Au terme de ce travail, deux grandes pistes dessinent des agendas de recherches futures. D’un côté, l’étude des déterminants du vote dans le champ professionnel n’apparaît pas comme un chantier clos. Trois pistes analytiques pourraient être plus précisément explorées. Premièrement, l’investigation des variables lourdes du choix électoral professionnel, aux scrutins en entreprise, aux scrutins TPE, voire dans la fonction publique, nécessiterait la réalisation de grandes enquêtes quantitatives auprès d’échantillons représentatifs des salariés concernés par ces scrutins. Deuxièmement, la production de nouveaux matériaux qualitatifs (entretiens avec des salariés, observations in situ d’élections…) permettrait d’objectiver la diversité des rapports au vote professionnel des salariés et surtout de mieux préciser l’imbrication entre les différentes logiques explicatives du vote dégagées plus haut. Troisièmement, l’analyse des transformations du geste électoral professionnel et de leurs conséquences pourrait constituer un autre prolongement de ce travail. En effet, avec le recours croissant au vote par correspondance et surtout par Internet, voter aux élections professionnelles correspond de moins en moins au fait de se rendre dans un bureau de vote pour glisser un morceau de papier dans une boîte. Or, de premières analyses dans la fonction publique révèlent que la modification du geste électoral transforme le rapport au vote des électeurs et impacte les ressorts de leur mobilisation électorale (Haute, 2019a), ce qui rend ce potentiel prolongement particulièrement souhaitable.

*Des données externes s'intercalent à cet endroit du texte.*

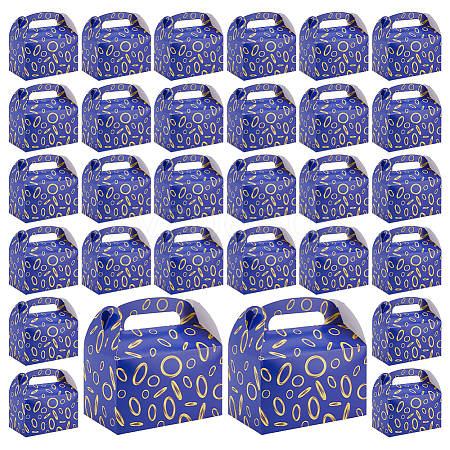 12Pcs Ring Printed Cardboard Paper Packing Boxes with Die Cut Hole Handles CON-WH0085-187-1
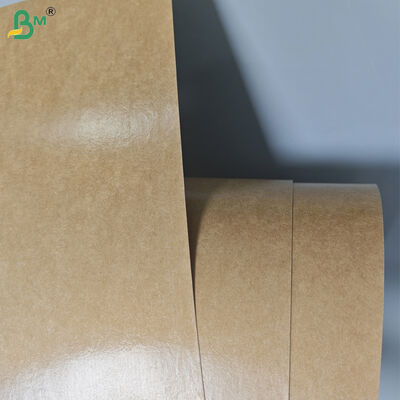 300gm + 15g PE phủ giấy Kraft màu nâu cho khay thực phẩm đường phố 85cm chống dầu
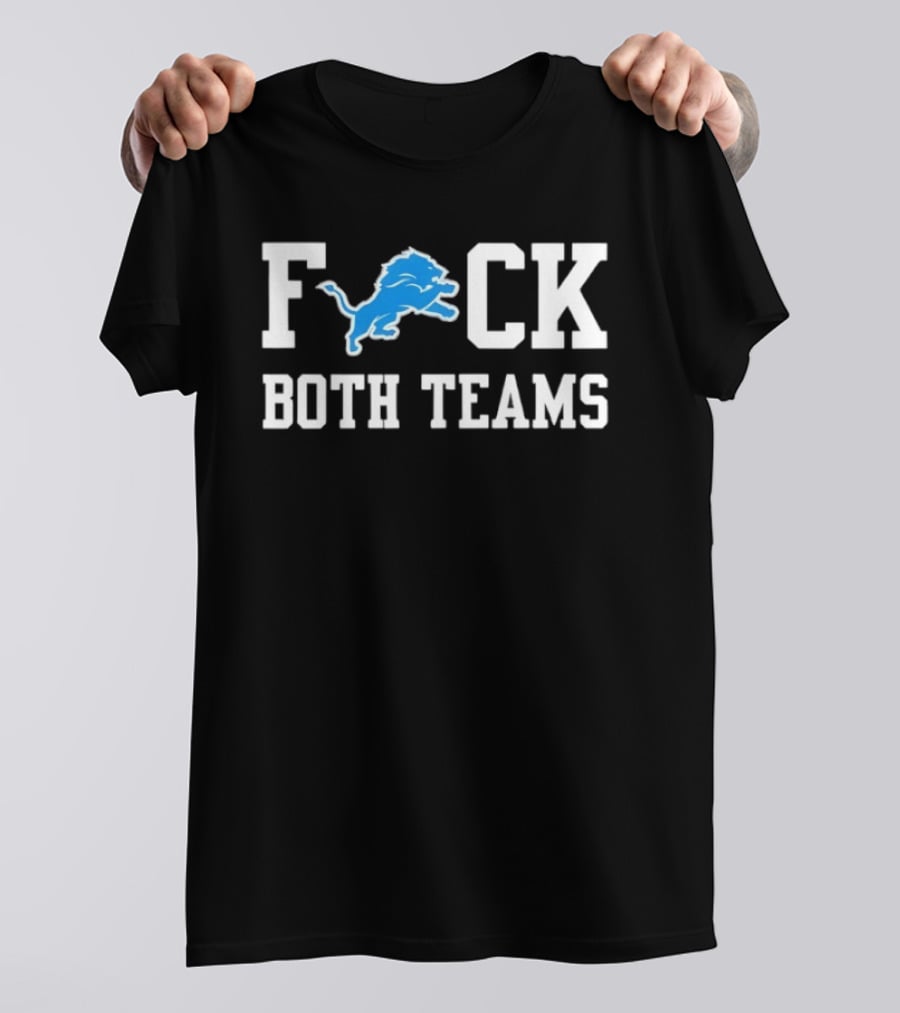 Detroit Lions Football Explicit Rivalry T-Shirt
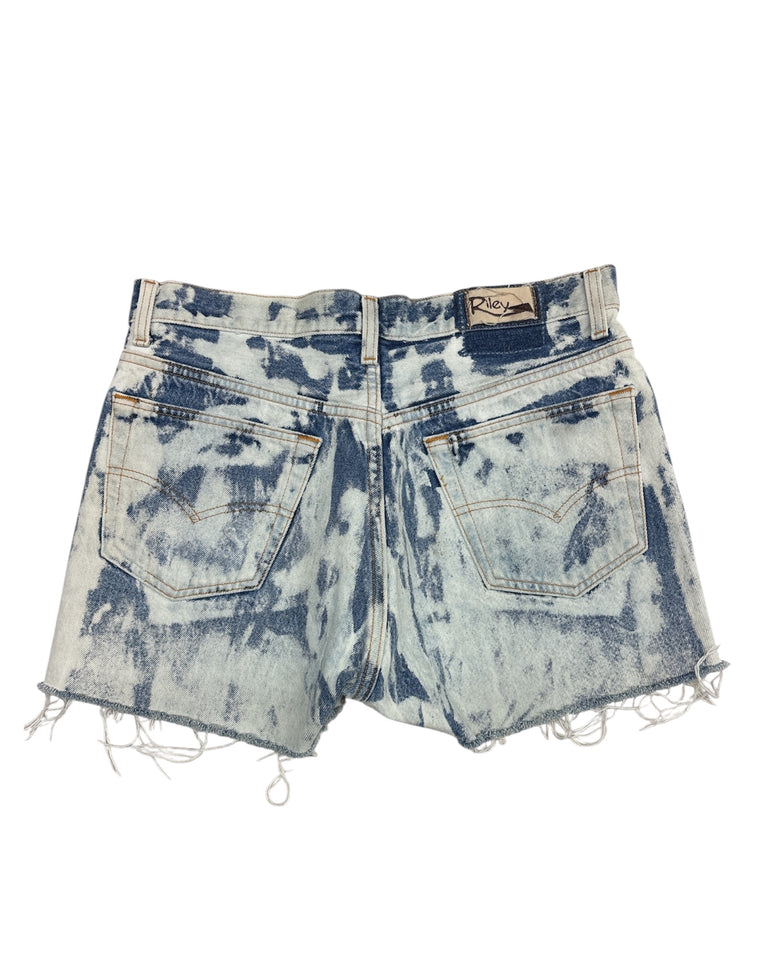 Denim Wash Cut-Off Short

D’un autre côté, si nous avons déjà présenté de premiers résultats sur ce point, le « spillover » électoral que nous avons mis en évidence suscite encore de nombreuses questions. Est-il unidirectionnel, du travail vers la politique, comme le suggèrent Carole Pateman et ses successeurs ? De même, concerne-t-il l’ensemble des salariés ou bénéficie-t-il plutôt à certains salariés particulièrement peu prédisposés à la mobilisation électorale ? Qu’en est-il au-delà de la seule participation électorale ? Aussi, ces pistes pourraient également s’inscrire dans un projet plus large autour de la notion de « citoyenneté industrielle » ou de « citoyenneté au travail » et comparant plus précisément le recours à un ensemble de formes de participation dans et hors du travail (syndicalisation, participation gréviste ou manifestante, engagement associatif, vote…). Cet élargissement permettrait de recourir aux données de grandes enquêtes internationales (European values study, World values survey…) afin de mettre en évidence les articulations éventuelles entre ces différentes pratiques participatives, mais aussi leurs déterminants, communs ou différents.

Ces deux grandes pistes révèlent la nature des liens que ce travail de thèse contribue à nouer ou à renouer. En premier lieu, il s’agit de faire du vote dans le champ professionnel un objet de la sociologie politique des relations professionnelles et du syndicalisme. En réinvestissant des questionnements de sociologie électorale dans le champ professionnel, notre travail et certaines pistes proposées participent ainsi au décloisonnement, entamé depuis plus d’une décennie, entre, d’une part, la sociologie des relations professionnelles et du      syndicalisme et, d’autre part, la sociologie politique (Giraud, Yon, Béroud, 2018, p. 15). En second lieu, il s’agit également de faire du vote professionnel un objet de la sociologie électorale. Si « barbare » soit-il, il répond non seulement à des logiques sociales, mais il est aussi intrinsèquement lié au vote politique.